Supplied entries ::

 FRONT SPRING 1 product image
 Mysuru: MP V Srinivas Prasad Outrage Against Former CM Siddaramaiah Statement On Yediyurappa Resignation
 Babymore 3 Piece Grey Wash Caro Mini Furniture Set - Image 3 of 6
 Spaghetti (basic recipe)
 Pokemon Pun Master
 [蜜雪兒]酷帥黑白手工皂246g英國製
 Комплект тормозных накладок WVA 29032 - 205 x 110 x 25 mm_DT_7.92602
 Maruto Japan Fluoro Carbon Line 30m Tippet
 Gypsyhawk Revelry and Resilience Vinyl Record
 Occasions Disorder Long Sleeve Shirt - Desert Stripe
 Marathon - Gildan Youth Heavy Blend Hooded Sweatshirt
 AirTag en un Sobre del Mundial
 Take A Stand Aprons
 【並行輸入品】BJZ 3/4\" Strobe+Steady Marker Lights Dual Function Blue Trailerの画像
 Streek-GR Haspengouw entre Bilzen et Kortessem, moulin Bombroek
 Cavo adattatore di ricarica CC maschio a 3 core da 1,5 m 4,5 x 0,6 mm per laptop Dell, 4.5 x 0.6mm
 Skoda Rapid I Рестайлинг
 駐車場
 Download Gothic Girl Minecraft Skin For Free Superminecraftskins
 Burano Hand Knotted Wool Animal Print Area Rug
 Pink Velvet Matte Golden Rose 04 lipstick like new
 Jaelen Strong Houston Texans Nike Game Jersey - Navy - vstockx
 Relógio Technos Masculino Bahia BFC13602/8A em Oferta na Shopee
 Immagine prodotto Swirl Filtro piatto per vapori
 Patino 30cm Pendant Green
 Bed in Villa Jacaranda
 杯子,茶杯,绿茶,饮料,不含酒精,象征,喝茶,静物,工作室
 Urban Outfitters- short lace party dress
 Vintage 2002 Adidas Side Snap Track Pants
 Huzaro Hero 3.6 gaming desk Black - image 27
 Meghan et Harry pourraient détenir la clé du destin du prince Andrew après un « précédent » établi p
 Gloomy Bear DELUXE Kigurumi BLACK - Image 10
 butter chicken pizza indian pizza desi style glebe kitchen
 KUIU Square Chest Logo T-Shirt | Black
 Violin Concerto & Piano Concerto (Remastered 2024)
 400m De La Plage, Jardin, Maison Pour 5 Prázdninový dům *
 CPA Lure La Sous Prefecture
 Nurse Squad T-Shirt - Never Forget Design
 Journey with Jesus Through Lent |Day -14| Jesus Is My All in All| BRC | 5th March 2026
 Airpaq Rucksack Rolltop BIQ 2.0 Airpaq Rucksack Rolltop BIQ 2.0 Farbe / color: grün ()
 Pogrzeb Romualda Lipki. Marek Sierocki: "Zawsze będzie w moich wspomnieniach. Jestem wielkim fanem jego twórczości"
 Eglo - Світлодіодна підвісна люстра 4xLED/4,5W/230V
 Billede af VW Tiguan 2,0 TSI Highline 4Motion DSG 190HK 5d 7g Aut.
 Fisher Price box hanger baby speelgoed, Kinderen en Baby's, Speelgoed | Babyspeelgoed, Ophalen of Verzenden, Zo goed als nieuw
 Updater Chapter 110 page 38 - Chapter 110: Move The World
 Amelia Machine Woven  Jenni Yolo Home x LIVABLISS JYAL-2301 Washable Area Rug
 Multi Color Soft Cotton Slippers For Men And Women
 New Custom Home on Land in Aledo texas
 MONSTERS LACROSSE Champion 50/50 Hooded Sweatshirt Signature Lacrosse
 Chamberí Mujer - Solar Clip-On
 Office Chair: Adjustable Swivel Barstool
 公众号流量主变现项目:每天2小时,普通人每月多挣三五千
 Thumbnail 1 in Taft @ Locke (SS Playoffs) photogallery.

Task description :: Transcribe the listing above line for line, from the first line to the line containing "Take A Stand Aprons", inclusive, with no other lines.

Written response ::
 FRONT SPRING 1 product image
 Mysuru: MP V Srinivas Prasad Outrage Against Former CM Siddaramaiah Statement On Yediyurappa Resignation
 Babymore 3 Piece Grey Wash Caro Mini Furniture Set - Image 3 of 6
 Spaghetti (basic recipe)
 Pokemon Pun Master
 [蜜雪兒]酷帥黑白手工皂246g英國製
 Комплект тормозных накладок WVA 29032 - 205 x 110 x 25 mm_DT_7.92602
 Maruto Japan Fluoro Carbon Line 30m Tippet
 Gypsyhawk Revelry and Resilience Vinyl Record
 Occasions Disorder Long Sleeve Shirt - Desert Stripe
 Marathon - Gildan Youth Heavy Blend Hooded Sweatshirt
 AirTag en un Sobre del Mundial
 Take A Stand Aprons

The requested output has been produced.